Automated PDF Reports with Python Notebooks

apwheele · on June 29, 2022

FYI for folks if you want to convert jupyter notebooks to html you can use nbconvert:

    jupyter nbconvert --execute example_report.ipynb --no-input --to html

I have never been able to get a nice looking report in both html/PDF though via the tools to print html to PDF (as opposed to building a nice looking PDF doc using LaTeX directly). So default just worry about making the html look nice.

pplonski86 · on June 29, 2022

The Mercury uses `nbconvert` internally to convert notebooks, so you don't need to execute them manually. It also adds additional features to make it more user-friendly:

- you can add widgets (parameters) to the notebook, without rewriting the notebook,

- you can easily schedule the notebook,

- you can convert notebook to PDF with mouse click,

- you can serve interactive HTML notebooks with a Django-based server.

anyfactor · on June 29, 2022

That is super interesting. Outside of Jupyter notebooks, I have been generating PDF reports with Jinja and Pandoc.

- Convert dataframe and other stuff to HTML render them to usable HTML using Jinja templates.

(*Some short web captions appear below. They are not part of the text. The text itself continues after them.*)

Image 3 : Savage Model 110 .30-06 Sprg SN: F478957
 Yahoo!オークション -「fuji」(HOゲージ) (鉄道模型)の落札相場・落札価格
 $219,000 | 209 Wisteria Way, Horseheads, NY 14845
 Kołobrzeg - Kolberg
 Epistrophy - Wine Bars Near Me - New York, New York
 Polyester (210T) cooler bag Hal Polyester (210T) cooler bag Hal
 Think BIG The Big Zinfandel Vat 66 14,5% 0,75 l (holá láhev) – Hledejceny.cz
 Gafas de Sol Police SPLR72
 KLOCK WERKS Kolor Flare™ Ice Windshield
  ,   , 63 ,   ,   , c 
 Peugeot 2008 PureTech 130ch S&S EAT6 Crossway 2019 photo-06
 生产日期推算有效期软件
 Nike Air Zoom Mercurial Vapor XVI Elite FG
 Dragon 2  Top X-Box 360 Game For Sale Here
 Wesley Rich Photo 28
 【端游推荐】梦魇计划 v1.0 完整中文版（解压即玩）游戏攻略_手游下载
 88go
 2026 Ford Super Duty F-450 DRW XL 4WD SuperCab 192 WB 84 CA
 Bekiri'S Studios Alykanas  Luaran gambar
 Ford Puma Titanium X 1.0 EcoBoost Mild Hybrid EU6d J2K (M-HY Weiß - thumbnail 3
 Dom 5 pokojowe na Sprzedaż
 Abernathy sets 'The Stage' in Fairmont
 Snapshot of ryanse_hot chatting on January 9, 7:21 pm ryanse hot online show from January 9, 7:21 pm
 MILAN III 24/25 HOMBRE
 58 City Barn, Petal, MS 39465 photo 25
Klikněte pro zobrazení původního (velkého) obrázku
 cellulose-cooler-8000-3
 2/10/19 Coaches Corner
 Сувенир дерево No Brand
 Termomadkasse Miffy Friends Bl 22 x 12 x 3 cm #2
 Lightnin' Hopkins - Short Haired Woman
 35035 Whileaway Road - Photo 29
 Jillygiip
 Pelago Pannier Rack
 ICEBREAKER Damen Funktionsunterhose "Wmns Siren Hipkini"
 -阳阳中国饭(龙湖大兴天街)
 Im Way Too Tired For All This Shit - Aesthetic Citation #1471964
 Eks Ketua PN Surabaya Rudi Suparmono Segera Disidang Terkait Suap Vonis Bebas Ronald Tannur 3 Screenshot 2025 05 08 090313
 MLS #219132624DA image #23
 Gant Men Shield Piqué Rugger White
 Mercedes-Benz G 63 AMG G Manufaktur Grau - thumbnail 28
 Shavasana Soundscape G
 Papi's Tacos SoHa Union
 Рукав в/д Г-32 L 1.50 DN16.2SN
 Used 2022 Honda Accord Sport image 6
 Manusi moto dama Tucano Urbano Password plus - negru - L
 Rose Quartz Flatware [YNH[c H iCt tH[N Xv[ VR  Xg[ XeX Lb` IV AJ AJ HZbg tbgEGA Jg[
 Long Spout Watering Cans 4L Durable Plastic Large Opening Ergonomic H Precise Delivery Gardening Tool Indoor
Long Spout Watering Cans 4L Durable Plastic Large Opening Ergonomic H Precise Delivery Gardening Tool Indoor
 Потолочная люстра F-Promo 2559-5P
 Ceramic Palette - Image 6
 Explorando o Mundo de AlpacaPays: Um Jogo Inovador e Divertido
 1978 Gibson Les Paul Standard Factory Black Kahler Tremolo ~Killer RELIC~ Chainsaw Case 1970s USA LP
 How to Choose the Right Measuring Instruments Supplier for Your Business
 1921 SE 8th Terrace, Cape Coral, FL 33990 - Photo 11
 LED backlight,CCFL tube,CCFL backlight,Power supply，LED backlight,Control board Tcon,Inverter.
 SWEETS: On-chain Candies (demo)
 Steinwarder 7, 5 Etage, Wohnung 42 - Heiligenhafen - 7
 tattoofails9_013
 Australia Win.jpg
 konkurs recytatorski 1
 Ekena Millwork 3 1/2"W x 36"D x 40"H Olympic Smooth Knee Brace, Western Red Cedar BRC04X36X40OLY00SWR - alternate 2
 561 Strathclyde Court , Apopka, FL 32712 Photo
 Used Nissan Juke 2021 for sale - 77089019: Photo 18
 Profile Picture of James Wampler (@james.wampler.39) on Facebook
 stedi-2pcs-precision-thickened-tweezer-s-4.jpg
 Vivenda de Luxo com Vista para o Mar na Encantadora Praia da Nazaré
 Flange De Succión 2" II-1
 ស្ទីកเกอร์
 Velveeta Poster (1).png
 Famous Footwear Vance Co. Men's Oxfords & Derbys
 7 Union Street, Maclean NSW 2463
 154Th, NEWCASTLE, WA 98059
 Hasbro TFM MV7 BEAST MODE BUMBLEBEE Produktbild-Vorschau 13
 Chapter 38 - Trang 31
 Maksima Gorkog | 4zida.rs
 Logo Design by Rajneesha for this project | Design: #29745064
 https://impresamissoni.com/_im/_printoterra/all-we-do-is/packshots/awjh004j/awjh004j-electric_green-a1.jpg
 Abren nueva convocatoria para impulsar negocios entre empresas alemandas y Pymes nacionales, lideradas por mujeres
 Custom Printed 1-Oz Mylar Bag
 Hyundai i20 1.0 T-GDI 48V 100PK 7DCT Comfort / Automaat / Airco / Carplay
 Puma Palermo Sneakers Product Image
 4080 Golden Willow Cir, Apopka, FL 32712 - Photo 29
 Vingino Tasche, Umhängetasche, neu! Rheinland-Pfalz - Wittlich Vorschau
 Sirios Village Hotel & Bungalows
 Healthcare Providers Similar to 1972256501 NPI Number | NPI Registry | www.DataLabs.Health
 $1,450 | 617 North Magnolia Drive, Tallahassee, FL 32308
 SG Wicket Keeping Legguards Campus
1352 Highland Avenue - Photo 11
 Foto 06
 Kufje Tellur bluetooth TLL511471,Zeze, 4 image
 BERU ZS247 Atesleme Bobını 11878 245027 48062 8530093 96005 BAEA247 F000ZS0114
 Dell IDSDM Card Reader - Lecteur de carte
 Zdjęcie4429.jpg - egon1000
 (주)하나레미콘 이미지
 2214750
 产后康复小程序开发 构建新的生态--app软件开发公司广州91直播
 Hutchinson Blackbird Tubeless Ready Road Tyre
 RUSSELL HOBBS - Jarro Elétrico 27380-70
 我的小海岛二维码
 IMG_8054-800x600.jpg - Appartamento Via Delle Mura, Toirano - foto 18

- Generate PDF from html using Pandoc with Xlatex

annowiki · on June 29, 2022

I've been doing this but without the jinja. It's trivial to store a latex file or markdown file with something like %PLACEHOLDER% and then just run

    with open('template.tex', 'rt') as f_in:
        template = f_in.read()
    template = template.replace('%PLACEHOLDER%', data)
    fname = f'rendered-{dt.now().isoformat()}'
    with open(fname, 'wt') as f_out:
        f_out.write(template)
    fileout = 'outdir'
    subprocess.call(['pdflatex',  '--output-directory', fileout, fname])

pplonski86 · on June 29, 2022

There are many ways to build PDF reports with Python. The notebook approach gives some WYSIWYG while report building. Additionally, when used with Mercury framework you get scheduling and email notifications.

tpoacher · on June 29, 2022

Same. I hate jupyter notebooks with a passion.

I'm generating beautiful html/pdf reports with a simple bashscript, and minimal markup added directly to the source code. Works like a charm.

pea · on June 29, 2022

You might find the Python framework we've been working on helpful for that use-case: https://github.com/datapane/datapane. It allows you to create interactive HTML reports comprised of pandas DataFrames, plots, and UI elements (e.g. dropdowns, selects, pages).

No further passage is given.